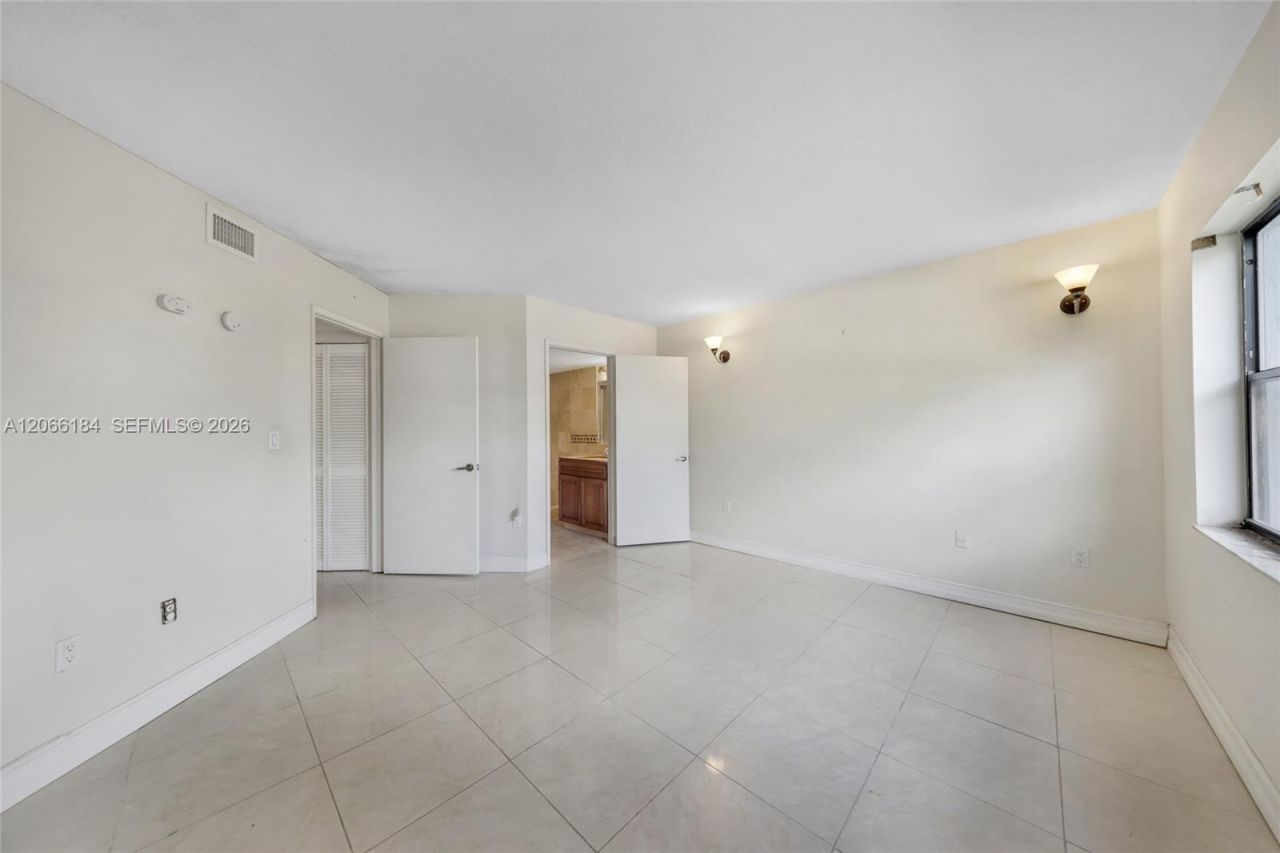 9405 Fontainebleau Blvd, Unit 112, Miami, FL 33172 Photo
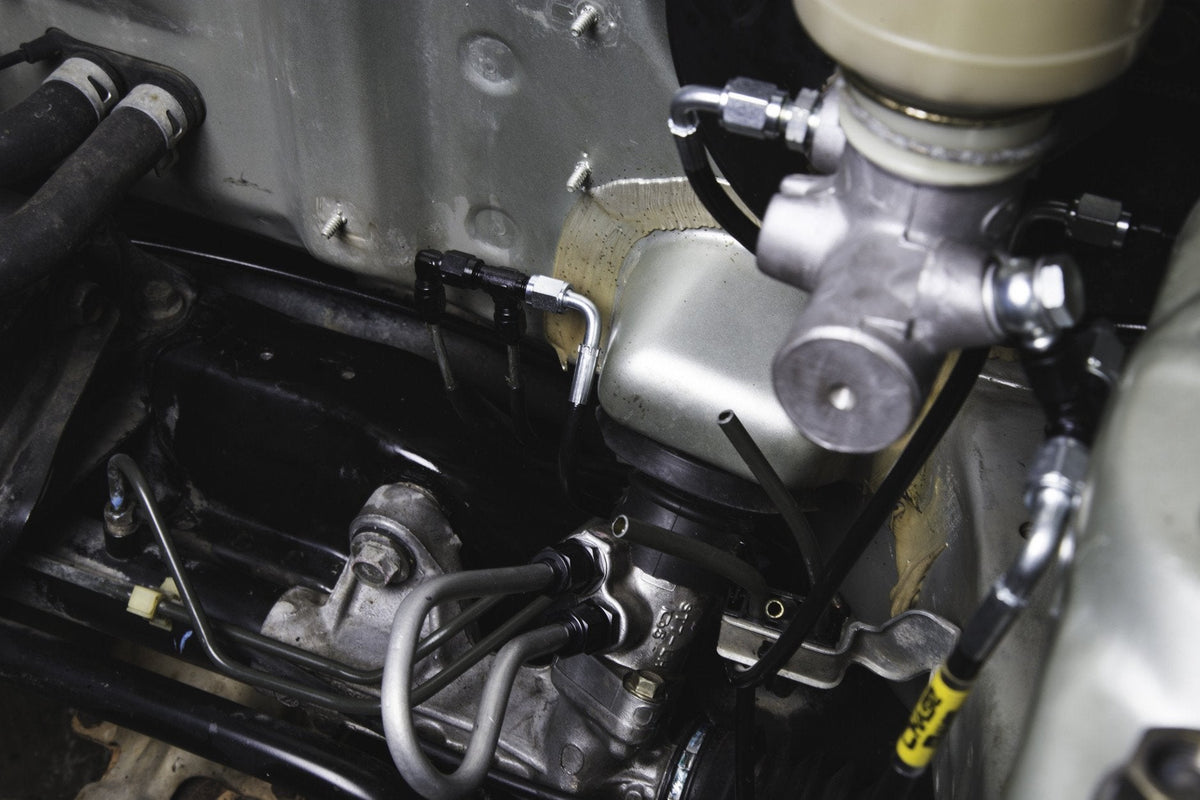 CHASE BAYS Honda Civic (1992-2000) Bremsleitung Relocation Kit für OEM Bremszylinder - PARTS33 GmbH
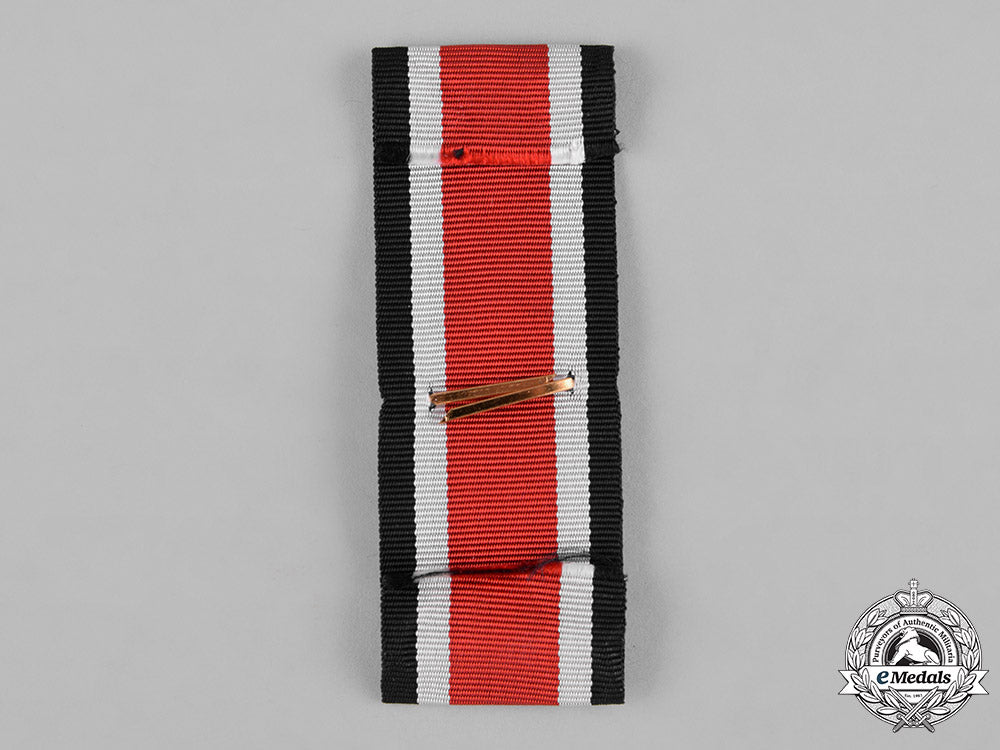 germany,_federal_republic._a1957_luftwaffe_honour_roll_clasp_with_ribbon_c18-046203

########

WORK REQUIRED:
Copy verbatim the span that begins at the line containing "CHASE BAYS Honda" and ends at the last line of the material, inclusive of both; exclude pictures.

SOLUTION FOR THIS EXERCISE:
 CHASE BAYS Honda Civic (1992-2000) Bremsleitung Relocation Kit für OEM Bremszylinder - PARTS33 GmbH
 germany,_federal_republic._a1957_luftwaffe_honour_roll_clasp_with_ribbon_c18-046203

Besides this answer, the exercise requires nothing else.